Beitrag vom 12.06.2019
FAZ Mali
Vom Kampf um Ressourcen zum Kampf des Glaubens
In Mali nutzen Dschihadisten traditionelle Konflikte zwischen Nomaden und Sesshaften aus/Von
Thilo Thielke
KAPSTADT, 11. Juni. Das Massaker war gut vorbereitet. Zunächst legten die Angreifer Feuer, dann schossen sie auf die Flüchtenden. Beim Angriff auf das Dogon-Dorf Sobane Da sind in Zentral-Mali am Sonntag zahlreiche Menschen getötet worden. Erste Berichte sprachen von beinahe hundert Toten, am Dienstag wurde die Opferzahl von den Behörden in der Regionalhauptstadt Mopti mit mindestens 35 angegeben. Die malische Regierung sprach von „einem mörderischen Angriff auf ein friedliches Dorf“ und machte „bewaffnete Männer, vermutlich Terroristen“, für den Überfall verantwortlich. Am Montagabend verurteilte Präsident Ibrahim Boubacar Keïta das Blutbad auf Twitter und rief die Bürger seines Landes auf, Verantwortung und Bürgersinn zu zeigen und die Gewaltspirale zu beenden.

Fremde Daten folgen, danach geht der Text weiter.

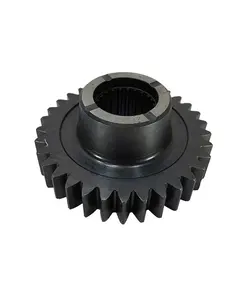 ENGRENAGEM CONTRA EIXO VALMET 1580 1780 VALTRA BH160 BH180 80772300 82292200 16000922 3316575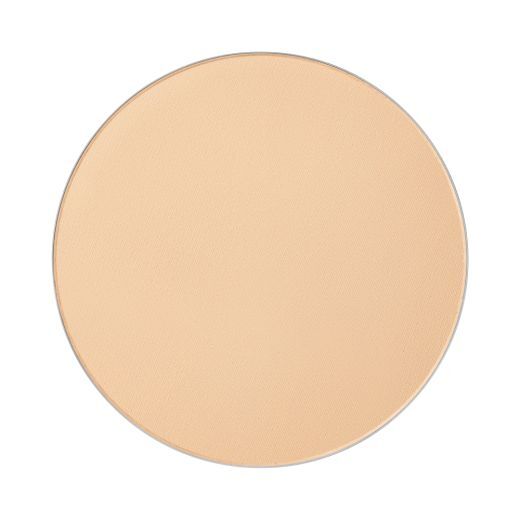Studio Fix Powder Plus Foundation-Refill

Ob das gelingt, ist fraglich: Im flächenmäßig zweitgrößten Staat der Sahelzone eskaliert die Gewalt. Erst am Freitag hatte die Mission der Vereinten Nationen mitgeteilt, seit Anfang des Jahres seien allein in Zentral-Mali mindestens 250 Zivilisten durch Gewalt getötet worden. „Die Schwelle des Unerträglichen ist erreicht: Es ist Zeit für einen landesweiten Aufschrei“, so der Leiter der UN-Friedensmission Minusma, Mahamat Saleh Annadif.
„In dieser Region verschärft sich insbesondere der Konflikt zwischen den Völkern der Pheul und der Dogon“, sagt Thomas Schiller, der Vertreter der Konrad-Adenauer-Stiftung in der Hauptstadt Bamako; „angeheizt wird der Konflikt durch den wachsenden Einfluss von Islamisten, die der Terrororganisation Al Qaida nahestehen.“
Es ist möglich, dass es sich bei dem Massaker vom Wochenende um einen Racheakt handelt. Das Dorf Sobane Da wird von der Dogon-Miliz Dan-Na-Ambassagou kontrolliert. Viele ihrer Kämpfer stammen aus der Gegend. Erst im März soll diese Miliz ein Pheul-Dorf überfallen und dabei mindestens 157 Menschen getötet haben. Milizenchef Youssouf Toloba bestreitet das – allerdings drohten damals etliche Pheul-Führer mit Vergeltungsaktionen. In einer Stellungnahme zu dem Überfall gibt sich die Dan-Na-Ambassagou kämpferisch. Sie betrachte den „barbarischen und unedlen Angriff“ als „Kriegserklärung“ und fordere den Staat sowie die internationale Gemeinschaft auf, alle Kräfte zu mobilisieren, um die Sicherheit der Dogon zu garantieren. Nie werde man zulassen, dass das Dogonland zur Kolonie werde und die Dogon zu Sklaven.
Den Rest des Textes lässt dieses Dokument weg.